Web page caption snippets

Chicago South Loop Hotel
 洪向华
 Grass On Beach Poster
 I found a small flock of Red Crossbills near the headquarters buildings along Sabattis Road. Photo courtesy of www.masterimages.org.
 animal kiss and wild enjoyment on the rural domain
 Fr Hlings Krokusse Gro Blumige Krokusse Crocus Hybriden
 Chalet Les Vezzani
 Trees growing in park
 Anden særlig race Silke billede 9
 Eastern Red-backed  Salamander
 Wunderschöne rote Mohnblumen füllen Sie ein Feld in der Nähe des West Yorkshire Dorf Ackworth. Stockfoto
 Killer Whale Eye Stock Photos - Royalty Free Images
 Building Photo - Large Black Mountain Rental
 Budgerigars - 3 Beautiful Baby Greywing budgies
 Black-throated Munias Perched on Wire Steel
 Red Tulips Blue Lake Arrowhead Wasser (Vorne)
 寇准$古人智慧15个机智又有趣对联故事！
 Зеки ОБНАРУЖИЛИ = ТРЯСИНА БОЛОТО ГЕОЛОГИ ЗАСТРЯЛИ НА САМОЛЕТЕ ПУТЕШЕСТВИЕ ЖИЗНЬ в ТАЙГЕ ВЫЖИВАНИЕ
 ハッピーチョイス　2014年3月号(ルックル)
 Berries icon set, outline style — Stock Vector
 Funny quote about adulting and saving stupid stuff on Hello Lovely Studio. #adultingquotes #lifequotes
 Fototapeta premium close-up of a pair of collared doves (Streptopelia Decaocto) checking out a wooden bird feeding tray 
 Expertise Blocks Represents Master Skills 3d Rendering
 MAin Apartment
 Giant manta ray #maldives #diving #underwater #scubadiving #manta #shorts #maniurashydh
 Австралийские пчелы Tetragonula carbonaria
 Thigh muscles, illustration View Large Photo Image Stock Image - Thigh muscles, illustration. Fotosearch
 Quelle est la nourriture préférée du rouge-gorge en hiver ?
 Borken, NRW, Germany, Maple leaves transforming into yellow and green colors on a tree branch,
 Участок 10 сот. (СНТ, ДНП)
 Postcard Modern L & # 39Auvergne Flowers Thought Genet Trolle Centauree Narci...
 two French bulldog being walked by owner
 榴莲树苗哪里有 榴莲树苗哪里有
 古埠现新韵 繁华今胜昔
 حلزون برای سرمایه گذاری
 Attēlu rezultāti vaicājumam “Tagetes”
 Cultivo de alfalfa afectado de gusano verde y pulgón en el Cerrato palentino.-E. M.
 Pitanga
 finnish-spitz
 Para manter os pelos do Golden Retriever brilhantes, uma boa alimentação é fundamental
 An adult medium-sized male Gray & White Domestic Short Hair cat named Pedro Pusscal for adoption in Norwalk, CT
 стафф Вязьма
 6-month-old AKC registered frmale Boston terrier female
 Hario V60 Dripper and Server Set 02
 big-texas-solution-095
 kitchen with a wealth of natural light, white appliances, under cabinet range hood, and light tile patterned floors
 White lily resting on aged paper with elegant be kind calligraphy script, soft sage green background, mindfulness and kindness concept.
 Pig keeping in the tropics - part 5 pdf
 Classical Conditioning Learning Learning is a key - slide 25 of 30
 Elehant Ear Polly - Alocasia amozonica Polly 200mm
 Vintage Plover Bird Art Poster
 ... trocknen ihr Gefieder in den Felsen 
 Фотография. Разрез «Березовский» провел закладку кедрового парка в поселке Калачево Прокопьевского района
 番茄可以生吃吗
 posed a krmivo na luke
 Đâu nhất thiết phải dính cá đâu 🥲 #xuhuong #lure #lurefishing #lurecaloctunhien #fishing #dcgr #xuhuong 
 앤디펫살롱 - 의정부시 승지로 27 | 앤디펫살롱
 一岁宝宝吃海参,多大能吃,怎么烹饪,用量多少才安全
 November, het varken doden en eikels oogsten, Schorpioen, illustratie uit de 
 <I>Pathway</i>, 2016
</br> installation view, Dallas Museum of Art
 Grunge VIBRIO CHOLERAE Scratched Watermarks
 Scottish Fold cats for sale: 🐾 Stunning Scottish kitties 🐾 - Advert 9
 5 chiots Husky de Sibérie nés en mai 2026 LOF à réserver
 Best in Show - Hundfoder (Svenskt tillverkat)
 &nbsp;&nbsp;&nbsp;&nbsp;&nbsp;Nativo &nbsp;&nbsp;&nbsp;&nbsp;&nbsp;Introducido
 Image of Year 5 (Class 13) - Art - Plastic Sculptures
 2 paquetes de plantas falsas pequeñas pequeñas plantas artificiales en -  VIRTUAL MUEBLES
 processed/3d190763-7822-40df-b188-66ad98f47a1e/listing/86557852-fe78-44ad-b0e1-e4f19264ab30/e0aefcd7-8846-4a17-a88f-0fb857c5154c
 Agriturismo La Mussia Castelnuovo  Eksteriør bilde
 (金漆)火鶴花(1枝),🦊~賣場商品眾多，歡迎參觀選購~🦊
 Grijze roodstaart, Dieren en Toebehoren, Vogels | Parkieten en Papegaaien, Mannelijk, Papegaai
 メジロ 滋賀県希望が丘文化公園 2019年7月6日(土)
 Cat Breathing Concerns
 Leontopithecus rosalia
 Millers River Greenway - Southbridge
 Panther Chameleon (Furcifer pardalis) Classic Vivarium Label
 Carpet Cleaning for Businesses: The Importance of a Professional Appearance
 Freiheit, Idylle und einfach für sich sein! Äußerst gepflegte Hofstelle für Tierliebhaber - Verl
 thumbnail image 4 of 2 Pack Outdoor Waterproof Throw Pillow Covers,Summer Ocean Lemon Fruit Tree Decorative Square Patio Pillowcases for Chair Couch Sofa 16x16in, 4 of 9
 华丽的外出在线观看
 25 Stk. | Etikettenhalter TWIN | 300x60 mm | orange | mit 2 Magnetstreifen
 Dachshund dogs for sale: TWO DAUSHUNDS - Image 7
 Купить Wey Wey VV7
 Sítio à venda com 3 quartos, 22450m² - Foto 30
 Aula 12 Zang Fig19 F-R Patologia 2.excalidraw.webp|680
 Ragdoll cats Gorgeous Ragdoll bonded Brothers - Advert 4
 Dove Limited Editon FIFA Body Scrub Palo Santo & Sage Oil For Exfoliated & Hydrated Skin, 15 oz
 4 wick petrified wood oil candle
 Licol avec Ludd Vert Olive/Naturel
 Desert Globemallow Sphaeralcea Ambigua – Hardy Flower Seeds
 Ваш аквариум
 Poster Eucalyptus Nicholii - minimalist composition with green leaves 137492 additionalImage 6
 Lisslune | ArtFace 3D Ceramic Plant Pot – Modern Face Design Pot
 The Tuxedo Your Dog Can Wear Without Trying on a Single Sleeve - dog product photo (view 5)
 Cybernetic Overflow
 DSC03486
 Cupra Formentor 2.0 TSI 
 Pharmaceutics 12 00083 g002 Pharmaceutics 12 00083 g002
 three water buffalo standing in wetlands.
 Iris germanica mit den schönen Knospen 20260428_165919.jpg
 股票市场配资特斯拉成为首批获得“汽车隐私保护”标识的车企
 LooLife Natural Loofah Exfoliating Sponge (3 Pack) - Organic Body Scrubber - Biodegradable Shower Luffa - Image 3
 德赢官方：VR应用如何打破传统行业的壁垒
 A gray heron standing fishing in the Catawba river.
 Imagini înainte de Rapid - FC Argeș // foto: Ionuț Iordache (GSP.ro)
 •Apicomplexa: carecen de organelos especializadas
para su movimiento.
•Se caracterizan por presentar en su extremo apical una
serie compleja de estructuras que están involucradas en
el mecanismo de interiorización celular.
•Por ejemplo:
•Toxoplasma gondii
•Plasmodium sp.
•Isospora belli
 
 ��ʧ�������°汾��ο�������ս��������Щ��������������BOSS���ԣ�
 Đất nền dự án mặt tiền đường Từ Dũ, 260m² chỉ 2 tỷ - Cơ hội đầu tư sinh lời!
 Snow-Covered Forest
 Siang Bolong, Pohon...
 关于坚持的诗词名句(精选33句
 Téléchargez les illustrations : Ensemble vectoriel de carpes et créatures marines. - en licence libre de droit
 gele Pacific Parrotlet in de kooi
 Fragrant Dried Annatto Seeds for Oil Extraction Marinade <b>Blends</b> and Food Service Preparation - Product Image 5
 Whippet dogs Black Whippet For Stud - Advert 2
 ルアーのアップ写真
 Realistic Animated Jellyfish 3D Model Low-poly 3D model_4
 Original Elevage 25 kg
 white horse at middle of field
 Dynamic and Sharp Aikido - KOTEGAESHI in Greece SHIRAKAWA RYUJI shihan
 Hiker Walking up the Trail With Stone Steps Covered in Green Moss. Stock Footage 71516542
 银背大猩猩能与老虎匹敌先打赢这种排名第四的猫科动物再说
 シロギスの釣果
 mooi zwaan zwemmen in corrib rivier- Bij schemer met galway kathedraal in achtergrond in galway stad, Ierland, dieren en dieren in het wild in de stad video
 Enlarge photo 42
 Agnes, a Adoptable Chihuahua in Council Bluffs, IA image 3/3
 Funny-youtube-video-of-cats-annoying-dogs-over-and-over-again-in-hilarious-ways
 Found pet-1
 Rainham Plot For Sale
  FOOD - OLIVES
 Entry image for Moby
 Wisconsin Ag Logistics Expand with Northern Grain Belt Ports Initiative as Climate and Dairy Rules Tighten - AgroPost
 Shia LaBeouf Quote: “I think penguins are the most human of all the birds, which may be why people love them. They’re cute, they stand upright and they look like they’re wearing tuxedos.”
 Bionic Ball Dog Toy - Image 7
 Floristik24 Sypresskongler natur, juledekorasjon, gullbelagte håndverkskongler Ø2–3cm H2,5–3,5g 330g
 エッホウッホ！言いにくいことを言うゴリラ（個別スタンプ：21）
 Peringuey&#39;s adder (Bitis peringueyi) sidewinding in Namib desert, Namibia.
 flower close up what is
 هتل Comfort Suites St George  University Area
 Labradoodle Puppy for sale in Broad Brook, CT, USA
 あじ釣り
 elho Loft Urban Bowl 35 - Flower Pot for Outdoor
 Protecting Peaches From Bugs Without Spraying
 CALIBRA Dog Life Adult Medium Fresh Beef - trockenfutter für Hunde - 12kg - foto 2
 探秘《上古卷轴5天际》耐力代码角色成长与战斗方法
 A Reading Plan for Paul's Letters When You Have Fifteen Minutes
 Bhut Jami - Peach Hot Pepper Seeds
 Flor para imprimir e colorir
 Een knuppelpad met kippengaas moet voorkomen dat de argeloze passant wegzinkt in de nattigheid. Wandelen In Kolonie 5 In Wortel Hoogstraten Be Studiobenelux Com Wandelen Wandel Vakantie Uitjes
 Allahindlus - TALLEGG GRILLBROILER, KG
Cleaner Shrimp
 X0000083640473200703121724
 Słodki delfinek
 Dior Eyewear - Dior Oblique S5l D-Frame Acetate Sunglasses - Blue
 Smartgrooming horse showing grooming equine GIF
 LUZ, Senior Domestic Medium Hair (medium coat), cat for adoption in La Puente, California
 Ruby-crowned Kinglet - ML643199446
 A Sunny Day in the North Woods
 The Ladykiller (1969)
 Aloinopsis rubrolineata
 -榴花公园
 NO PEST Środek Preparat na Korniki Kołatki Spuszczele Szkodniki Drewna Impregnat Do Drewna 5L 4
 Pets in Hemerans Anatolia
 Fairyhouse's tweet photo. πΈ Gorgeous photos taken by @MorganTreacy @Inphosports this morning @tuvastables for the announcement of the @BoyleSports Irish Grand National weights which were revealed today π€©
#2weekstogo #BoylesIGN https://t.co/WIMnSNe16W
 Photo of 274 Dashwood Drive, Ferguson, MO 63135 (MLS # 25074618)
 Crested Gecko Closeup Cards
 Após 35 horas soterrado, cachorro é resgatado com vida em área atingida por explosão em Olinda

**Exercise description**
Quote the data above from the line containing "serie compleja de" to the line containing "Agnes, a Adoptable", inclusive, and stop.

**Result below**
serie compleja de estructuras que están involucradas en
el mecanismo de interiorización celular.
•Por ejemplo:
•Toxoplasma gondii
•Plasmodium sp.
•Isospora belli
 
 ��ʧ�������°汾��ο�������ս��������Щ��������������BOSS���ԣ�
 Đất nền dự án mặt tiền đường Từ Dũ, 260m² chỉ 2 tỷ - Cơ hội đầu tư sinh lời!
 Snow-Covered Forest
 Siang Bolong, Pohon...
 关于坚持的诗词名句(精选33句
 Téléchargez les illustrations : Ensemble vectoriel de carpes et créatures marines. - en licence libre de droit
 gele Pacific Parrotlet in de kooi
 Fragrant Dried Annatto Seeds for Oil Extraction Marinade <b>Blends</b> and Food Service Preparation - Product Image 5
 Whippet dogs Black Whippet For Stud - Advert 2
 ルアーのアップ写真
 Realistic Animated Jellyfish 3D Model Low-poly 3D model_4
 Original Elevage 25 kg
 white horse at middle of field
 Dynamic and Sharp Aikido - KOTEGAESHI in Greece SHIRAKAWA RYUJI shihan
 Hiker Walking up the Trail With Stone Steps Covered in Green Moss. Stock Footage 71516542
 银背大猩猩能与老虎匹敌先打赢这种排名第四的猫科动物再说
 シロギスの釣果
 mooi zwaan zwemmen in corrib rivier- Bij schemer met galway kathedraal in achtergrond in galway stad, Ierland, dieren en dieren in het wild in de stad video
 Enlarge photo 42
 Agnes, a Adoptable Chihuahua in Council Bluffs, IA image 3/3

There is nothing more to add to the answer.